Supplied records below:

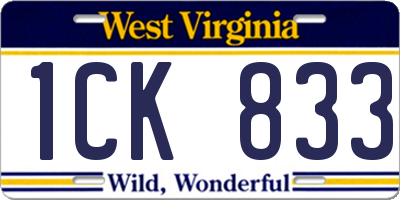 WV license plate 1CK833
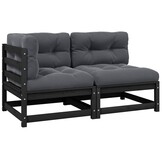 vidaXL 2-delige Loungeset met kussens massief grenenhout zwart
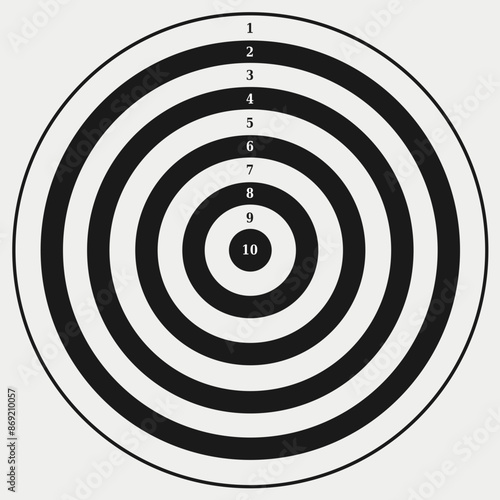 Illustration Icône de Cible en noir et blanc avec des chiffres - Cercles concentriques - Métaphore Objectif But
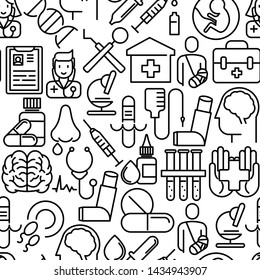 Health care seamless pattern with thin line icons related to hospital, clinic, laboratory. Vector illustration for conclusion, banner, web page.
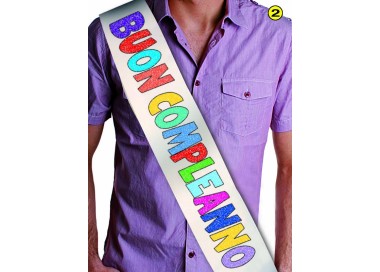 FASCIA FLUO del " BUON COMPLEANNO " per Compleanno - Lunghezza 96 cm x 11 cm larghezza - Unisex - fascia in poliestere - 1 pezzo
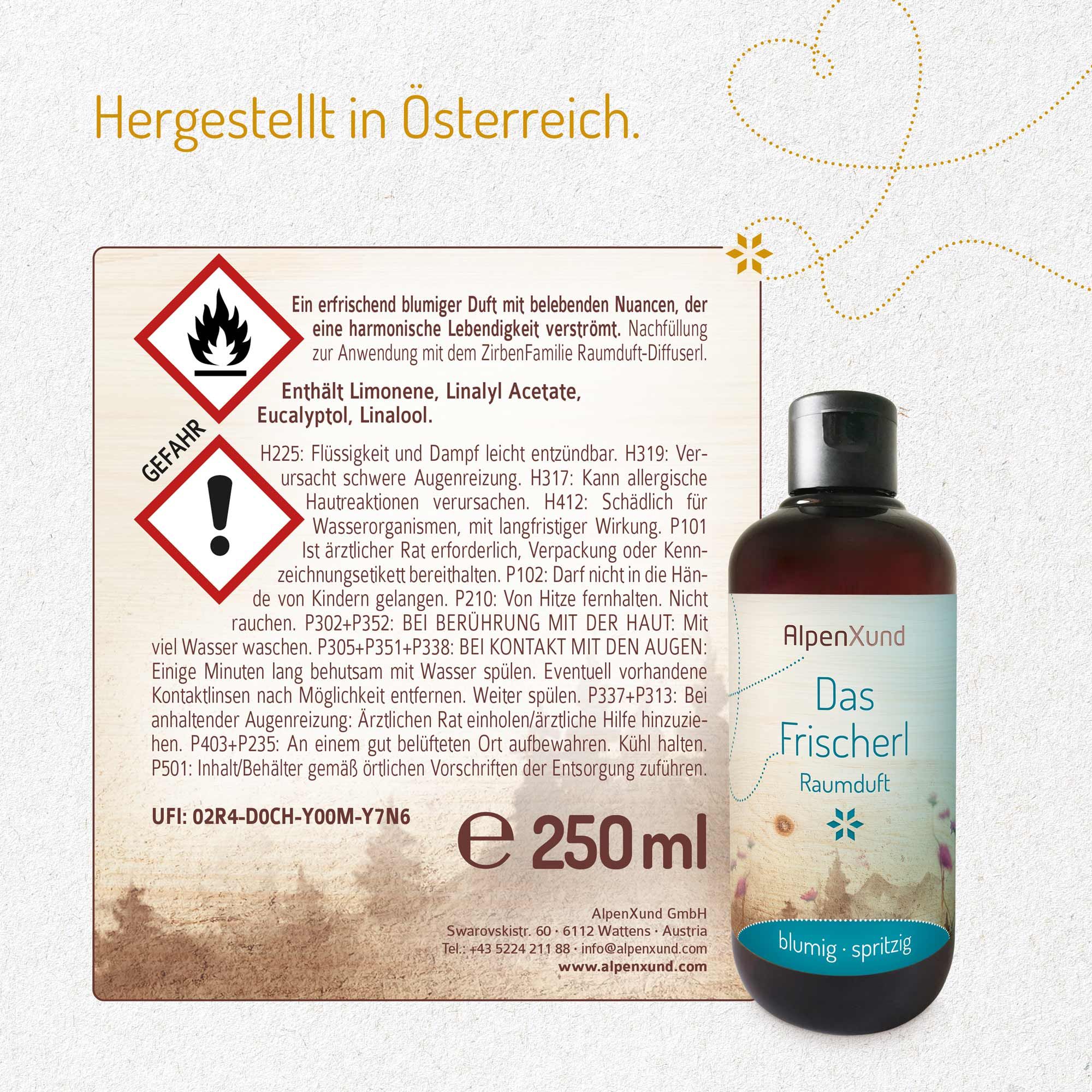 Flasche mit schwarzem Deckel und Text. Aufschrift: AlpenXund, Das Frischerl, Raumduft, blumig-spritzig. Gefahrenhinweise.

End of Supplied records.

Please reproduce the lines exactly from the one containing "vidaXL 2-delige Loungeset" through the last line of the data above, and keep the pictures out.

 vidaXL 2-delige Loungeset met kussens massief grenenhout zwart
 Illustration Icône de Cible en noir et blanc avec des chiffres - Cercles concentriques - Métaphore Objectif But
 Health care seamless pattern with thin line icons related to hospital, clinic, laboratory. Vector illustration for conclusion, banner, web page.
 FASCIA FLUO del " BUON COMPLEANNO " per Compleanno - Lunghezza 96 cm x 11 cm larghezza - Unisex - fascia in poliestere - 1 pezzo
 Flasche mit schwarzem Deckel und Text. Aufschrift: AlpenXund, Das Frischerl, Raumduft, blumig-spritzig. Gefahrenhinweise.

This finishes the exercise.